1960, Moravia si autointervista E Montale recensisce La noia
«Moravia e il suo doppio» avrebbe probabilmente sentenziato Otto Rank leggendo l’autointervista dell’instancabile romanziere e narciso controvoglia raccolta negli apparati d’una riedizione fresca di stampa d’un romanzo famoso La noia (Bompiani), da considerarsi insieme con Gli indifferenti una delle opere moraviane più significative. La sua uscita provocò un mezzo terremoto nel (dopotutto) piccolo mondo delle lettere romane e italiane. D’altronde Moravia, non bisogna dimenticarlo, era all’epoca, cioè agli inizi degli anni Sessanta, già stato monumentalizzato da decenni di aspre polemiche provocate dai soliti moralisti e benpensanti afflitti da miopia congenita.
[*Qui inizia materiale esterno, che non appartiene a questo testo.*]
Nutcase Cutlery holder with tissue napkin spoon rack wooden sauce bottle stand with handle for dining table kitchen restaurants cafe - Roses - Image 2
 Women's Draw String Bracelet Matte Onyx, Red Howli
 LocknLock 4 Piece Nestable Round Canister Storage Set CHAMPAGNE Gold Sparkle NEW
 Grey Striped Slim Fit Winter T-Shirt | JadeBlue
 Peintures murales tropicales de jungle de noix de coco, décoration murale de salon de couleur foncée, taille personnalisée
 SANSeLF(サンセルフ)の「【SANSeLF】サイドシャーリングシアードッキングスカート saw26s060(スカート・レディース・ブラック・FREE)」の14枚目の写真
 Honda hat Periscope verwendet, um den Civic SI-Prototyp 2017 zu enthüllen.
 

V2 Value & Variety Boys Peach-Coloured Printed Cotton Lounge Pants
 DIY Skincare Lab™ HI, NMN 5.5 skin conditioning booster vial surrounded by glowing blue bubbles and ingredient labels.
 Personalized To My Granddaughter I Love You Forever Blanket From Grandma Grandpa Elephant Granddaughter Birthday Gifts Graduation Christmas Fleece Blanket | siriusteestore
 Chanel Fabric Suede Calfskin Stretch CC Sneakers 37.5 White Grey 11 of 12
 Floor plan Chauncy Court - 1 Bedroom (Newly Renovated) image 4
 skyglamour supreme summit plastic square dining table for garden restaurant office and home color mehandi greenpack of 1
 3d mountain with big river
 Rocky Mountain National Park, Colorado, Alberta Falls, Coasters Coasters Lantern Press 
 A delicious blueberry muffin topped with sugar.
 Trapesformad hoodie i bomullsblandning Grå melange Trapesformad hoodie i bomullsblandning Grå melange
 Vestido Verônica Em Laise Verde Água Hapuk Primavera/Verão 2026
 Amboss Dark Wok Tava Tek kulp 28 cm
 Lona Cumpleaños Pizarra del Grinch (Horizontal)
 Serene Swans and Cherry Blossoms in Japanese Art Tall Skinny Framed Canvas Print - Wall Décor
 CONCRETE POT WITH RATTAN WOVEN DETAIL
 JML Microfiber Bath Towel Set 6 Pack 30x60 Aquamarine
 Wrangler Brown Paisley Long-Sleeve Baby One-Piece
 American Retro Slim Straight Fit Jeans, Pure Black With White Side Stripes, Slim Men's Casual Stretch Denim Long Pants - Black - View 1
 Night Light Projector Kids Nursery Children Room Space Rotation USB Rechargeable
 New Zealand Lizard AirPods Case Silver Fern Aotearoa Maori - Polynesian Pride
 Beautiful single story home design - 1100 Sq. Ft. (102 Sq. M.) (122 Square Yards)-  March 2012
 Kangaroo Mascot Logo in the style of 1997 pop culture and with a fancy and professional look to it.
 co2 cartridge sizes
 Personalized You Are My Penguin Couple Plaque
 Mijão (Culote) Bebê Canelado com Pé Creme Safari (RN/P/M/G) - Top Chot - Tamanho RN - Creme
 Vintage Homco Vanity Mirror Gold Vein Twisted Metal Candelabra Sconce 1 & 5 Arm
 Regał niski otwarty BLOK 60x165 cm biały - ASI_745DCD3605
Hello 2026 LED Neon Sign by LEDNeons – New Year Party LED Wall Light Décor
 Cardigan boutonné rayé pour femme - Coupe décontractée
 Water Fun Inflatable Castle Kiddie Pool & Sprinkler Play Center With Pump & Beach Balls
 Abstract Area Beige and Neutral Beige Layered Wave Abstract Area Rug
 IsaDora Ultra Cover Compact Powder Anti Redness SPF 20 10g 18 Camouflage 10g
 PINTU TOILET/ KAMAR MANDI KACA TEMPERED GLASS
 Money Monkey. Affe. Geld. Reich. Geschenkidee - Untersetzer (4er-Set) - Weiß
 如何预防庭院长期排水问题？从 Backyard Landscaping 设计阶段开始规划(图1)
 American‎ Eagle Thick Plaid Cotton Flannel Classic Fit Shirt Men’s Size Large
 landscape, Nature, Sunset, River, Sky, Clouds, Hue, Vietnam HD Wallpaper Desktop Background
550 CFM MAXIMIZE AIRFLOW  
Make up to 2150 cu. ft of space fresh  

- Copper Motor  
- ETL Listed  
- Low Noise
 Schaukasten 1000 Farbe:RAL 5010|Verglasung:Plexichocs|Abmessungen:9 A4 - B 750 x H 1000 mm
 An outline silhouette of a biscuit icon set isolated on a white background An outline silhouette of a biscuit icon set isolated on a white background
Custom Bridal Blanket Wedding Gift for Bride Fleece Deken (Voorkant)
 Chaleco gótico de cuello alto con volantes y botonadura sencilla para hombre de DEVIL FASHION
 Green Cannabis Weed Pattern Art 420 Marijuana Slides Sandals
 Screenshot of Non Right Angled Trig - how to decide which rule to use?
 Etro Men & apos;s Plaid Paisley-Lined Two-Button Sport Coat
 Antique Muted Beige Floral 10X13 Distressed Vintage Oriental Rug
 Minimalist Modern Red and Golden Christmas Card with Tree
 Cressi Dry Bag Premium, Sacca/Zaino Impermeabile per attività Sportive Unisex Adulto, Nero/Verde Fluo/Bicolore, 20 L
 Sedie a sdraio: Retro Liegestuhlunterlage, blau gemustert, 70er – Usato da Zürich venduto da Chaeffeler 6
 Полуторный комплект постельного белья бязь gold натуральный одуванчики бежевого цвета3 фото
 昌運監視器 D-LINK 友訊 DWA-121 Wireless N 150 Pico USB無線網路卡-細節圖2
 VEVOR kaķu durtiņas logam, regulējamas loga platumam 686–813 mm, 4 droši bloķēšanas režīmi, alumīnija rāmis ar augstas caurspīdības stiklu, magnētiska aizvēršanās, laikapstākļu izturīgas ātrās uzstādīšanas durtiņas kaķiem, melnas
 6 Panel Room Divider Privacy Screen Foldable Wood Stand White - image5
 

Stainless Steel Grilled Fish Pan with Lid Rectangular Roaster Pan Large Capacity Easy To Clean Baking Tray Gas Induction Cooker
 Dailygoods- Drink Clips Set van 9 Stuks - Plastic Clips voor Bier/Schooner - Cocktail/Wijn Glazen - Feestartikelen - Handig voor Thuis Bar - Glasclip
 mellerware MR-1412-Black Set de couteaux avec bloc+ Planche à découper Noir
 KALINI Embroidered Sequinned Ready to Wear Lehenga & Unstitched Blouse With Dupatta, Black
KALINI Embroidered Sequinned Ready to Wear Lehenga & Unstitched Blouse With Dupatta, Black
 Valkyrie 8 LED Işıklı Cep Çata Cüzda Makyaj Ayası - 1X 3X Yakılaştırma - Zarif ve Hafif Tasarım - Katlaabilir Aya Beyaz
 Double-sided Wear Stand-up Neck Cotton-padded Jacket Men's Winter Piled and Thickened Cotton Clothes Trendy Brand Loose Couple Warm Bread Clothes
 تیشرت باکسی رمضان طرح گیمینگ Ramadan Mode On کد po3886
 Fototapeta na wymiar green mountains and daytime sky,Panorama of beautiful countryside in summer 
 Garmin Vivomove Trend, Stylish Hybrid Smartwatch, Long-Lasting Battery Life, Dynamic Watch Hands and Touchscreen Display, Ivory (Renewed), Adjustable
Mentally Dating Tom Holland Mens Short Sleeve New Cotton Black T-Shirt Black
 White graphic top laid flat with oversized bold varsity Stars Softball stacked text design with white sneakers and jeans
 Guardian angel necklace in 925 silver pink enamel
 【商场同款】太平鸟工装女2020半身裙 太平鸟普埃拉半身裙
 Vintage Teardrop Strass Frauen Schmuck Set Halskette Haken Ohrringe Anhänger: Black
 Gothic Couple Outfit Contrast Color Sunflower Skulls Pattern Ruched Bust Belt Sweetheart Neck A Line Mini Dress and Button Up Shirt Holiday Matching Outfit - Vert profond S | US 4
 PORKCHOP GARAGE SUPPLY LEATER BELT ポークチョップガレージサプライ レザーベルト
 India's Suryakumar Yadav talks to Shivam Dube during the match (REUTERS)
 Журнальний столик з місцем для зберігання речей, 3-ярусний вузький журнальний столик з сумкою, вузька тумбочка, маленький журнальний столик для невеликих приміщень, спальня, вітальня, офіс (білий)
Oggi è difficile immaginare le reazioni provocate dall’apparire di questi nove capitoli più un prologo e un epilogo scritti non già in terza persona al modo consueto di Moravia ma in prima persona. A giustificare questa sua scelta l’autore avrebbe in più occasioni e con diverse parole sostenuto l’impossibilità ormai di raccontare «in maniera obbiettiva, diretta e realistica». Più avanti, all’inizio degli anni Settanta, sarebbe giunto a scrivere che «questo modo “stupido” di raccontare andava lasciato ai narratori di consumo».
Della Noia si scrisse molto e si discusse ancora di più. Basti che il romanzo, pubblicato il 24 novembre 1960, in dicembre era già alla quarta edizione superando presto le 120 mila copie vendute. Eugenio Montale, al solito intelligentissimo, in una recensione «staffetta» (opportunamente riprodotta in questa ennesima riedizione per palati esigenti e giovani desiderosi di apprendere) riesce a essere contemporaneamente divulgativo, perfido però non distruttivo, lasciando l’impressione di fondo che lui futuro premio Nobel sta parlando con qualche riserva d’occasione d’uno dei più grandi narratori italiani del ventesimo secolo. Si, è vero, lo Svevo di Senilità cui accosta Moravia lui lo preferisce ma per una questione di gusto, di sensibilità, di mera affascinazione. Parla chiaro, da questo punto di vista, l’autore di Dora Markus: «L’Angiolina sveviana è in definitiva una donna perduta, Cecilia si avvicina singolarmente a Lolita». Le donne perdute si comprano e espiano la loro perdizione, le Lolite invece...
Stiamo alla Noia. Il personaggio di Cecilia, riuscitissimo, verrà confermando la sua necessità lungo l’arco d’un decennio che vedrà mutare profondamente costumi e desideri. In questo senso La noia è un romanzo aurorale forse un po’ soffocato proprio da troppe coraggiose intenzioni.
Torniamo all’ autointervista. Di che si tratta? È presto detto. La curatrice Alessandra Grandelis, tenacissima esploratrice di archivi, ha stavolta scovato un’ autointervista di Moravia apparsa su «L’Espresso» il 20 novembre 1960 mentre La noia raggiungeva le librerie. L’autore, che sapeva d’aver lanciato un sasso nello stagno, palpitava. Così, obbedendo probabilmente a un suggerimento dell’ansia, si sdoppia. Anticipa una specie di processo da cui spera di riuscire assolto.
Affida a una parte di sé che chiameremo Alberto il compito di rivolgere in tono da svogliato censore all’altro cioè allo scrittore Moravia una sfilza di domande insidiose proprio perché sostanzialmente banali. Qualche esempio. «Sarà il caso che lei dica che cosa è questa noia, non le pare?», oppure «Chi è il protagonista, uno scrittore?», «Sarebbe dunque il suo un romanzo con un lieto fine, un romanzo ottimista?», «Lei crede nel romanzo saggistico o ideologico o di idee?».
Si potrebbe continuare con gli esempi ma i pochi elencati bastano a dare l’idea. Alberto si immedesima, come solo può fare un vero narratore, in un funzionario anonimo e cinico. Un po’ d’après Kafka. Nelle risposte, sempre da autentico narratore, l’altro, cioè Moravia, fa sentire il bisogno di giustificarsi presente in chi «deve» rispondere. L’intervista diventa così un breve, illuminante pezzo di teatro in appendice al romanzo.